Print exactly, and only, the lines from the one containing "Let's go to" through the last line of the records below, both included; leave out the pictures.

SOURCE DATA below:

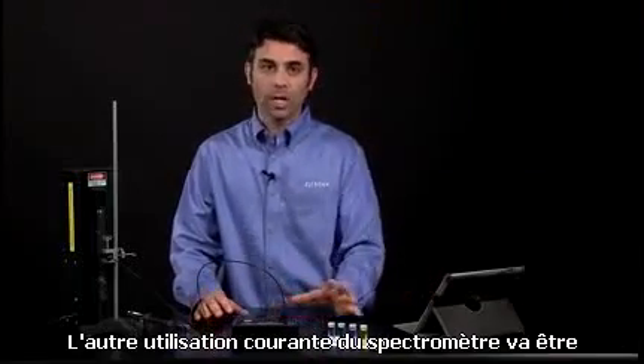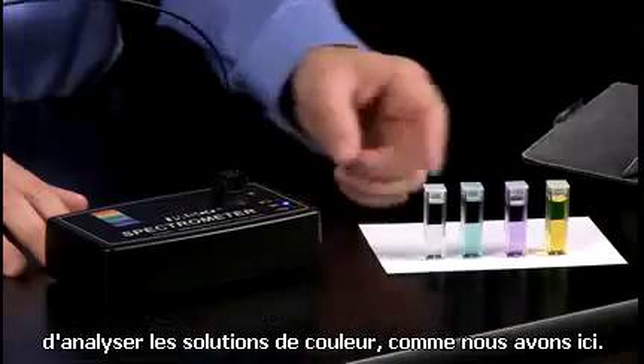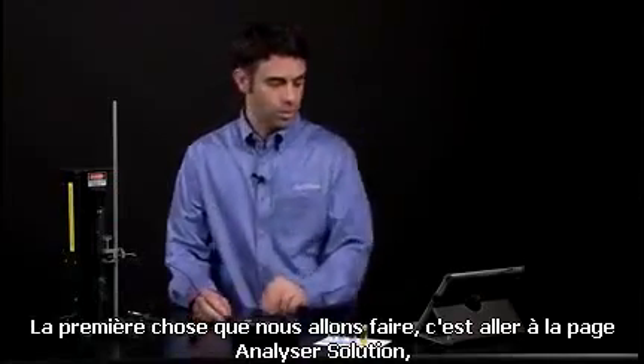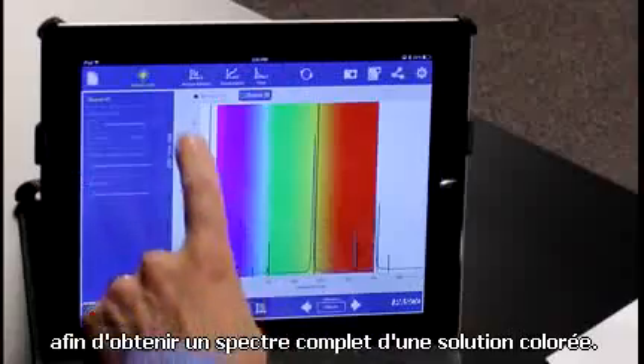That's analyzing light. The other common use for the spectrometer is to analyze solutions — colored solutions like we have here. The first thing we're going to do is go to the analyze solution page so we can get a full spectrum of a colored solution.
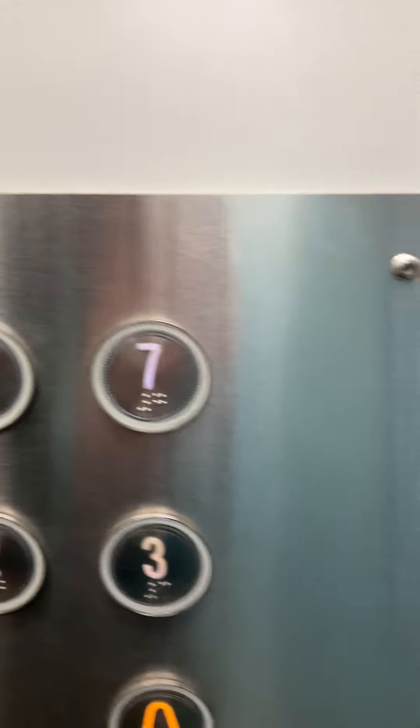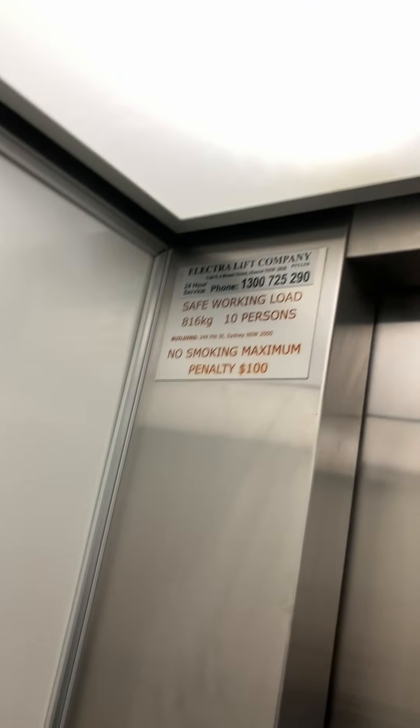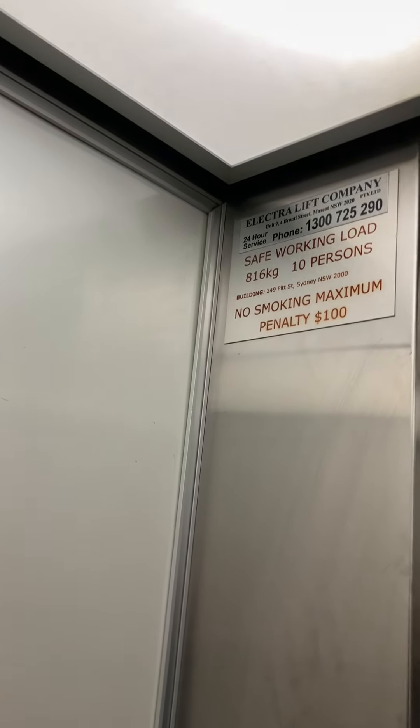Let's go to level two. Okay, is that a hammer? It says 'Electra Leaf' company. How many persons? 10 persons — wow, so old!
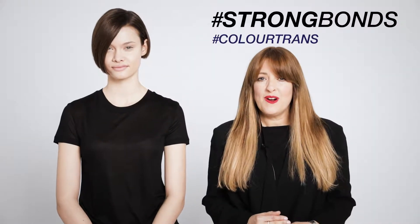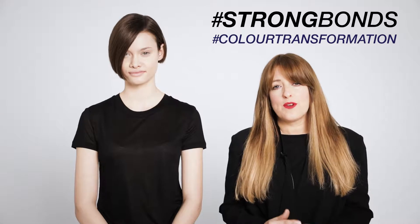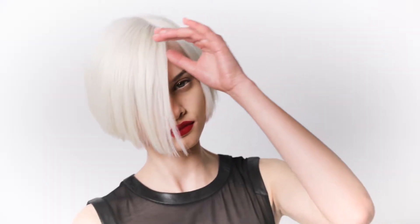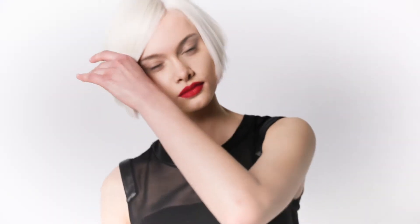Hi everybody, my name is Leslie Jennison. Today I'd like to show you a tutorial on how to create a total transformation using the Agora Barrio Blonde on my gorgeous model here, Rebecca. We want to create a clean, even, puristic platinum blonde, so let's get started.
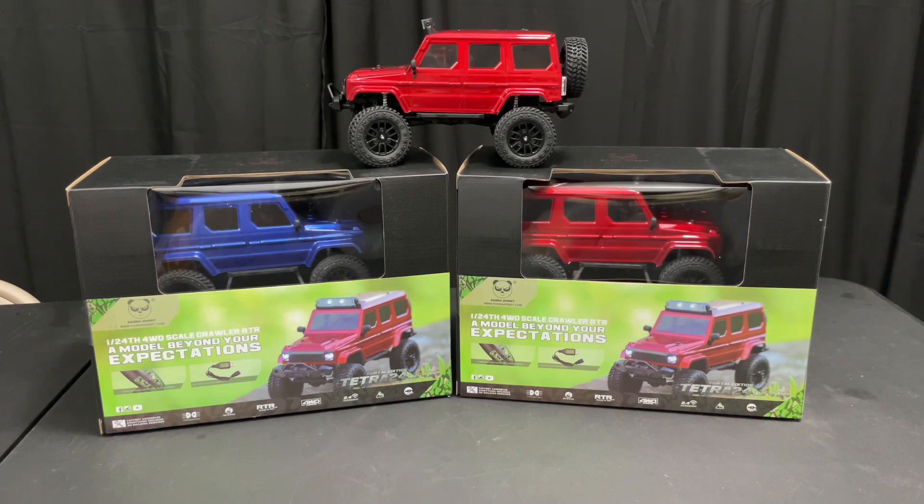These are the Panda Hobby 1/24th scale four-wheel drive rock crawler. It comes with everything you need — it's ready to run, all you do is charge the battery up and go. This one has a portal axle on it and has LED headlights in the front, and all that good stuff.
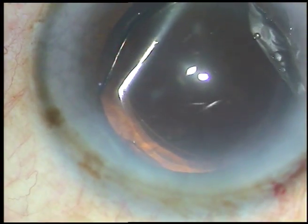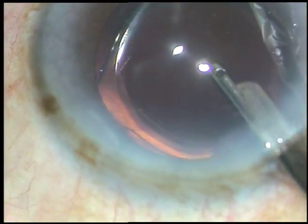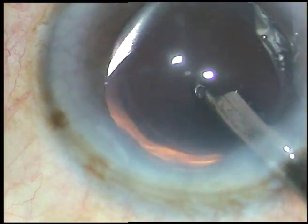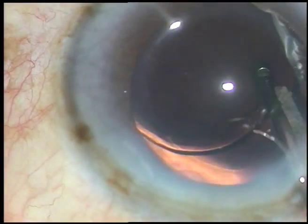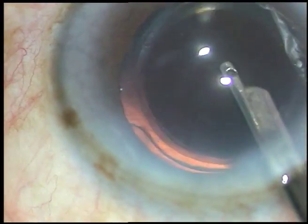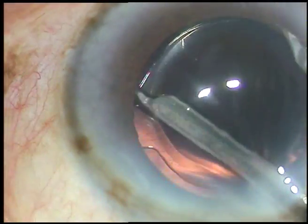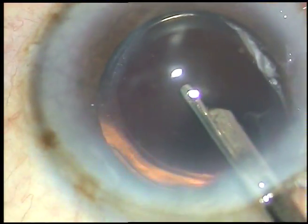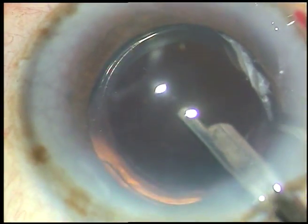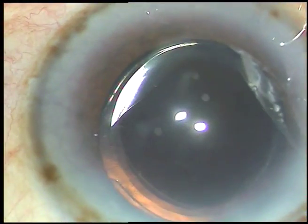The most important thing is that at the conclusion of surgery, all the wounds should be nicely sealed. There should not be any wound leak from any site. We should not depend on air — we should not inject air and just leave it like that. All the wounds should be watertight. This is the final lavage. The anterior chamber is formed and the case is concluded.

End of SOURCE DATA.

_RESULT OF THE EXERCISE_
Let's go to level two. Okay, is that a hammer? It says 'Electra Leaf' company. How many persons? 10 persons — wow, so old!
Hi everybody, my name is Leslie Jennison. Today I'd like to show you a tutorial on how to create a total transformation using the Agora Barrio Blonde on my gorgeous model here, Rebecca. We want to create a clean, even, puristic platinum blonde, so let's get started.
These are the Panda Hobby 1/24th scale four-wheel drive rock crawler. It comes with everything you need — it's ready to run, all you do is charge the battery up and go. This one has a portal axle on it and has LED headlights in the front, and all that good stuff.
The most important thing is that at the conclusion of surgery, all the wounds should be nicely sealed. There should not be any wound leak from any site. We should not depend on air — we should not inject air and just leave it like that. All the wounds should be watertight. This is the final lavage. The anterior chamber is formed and the case is concluded.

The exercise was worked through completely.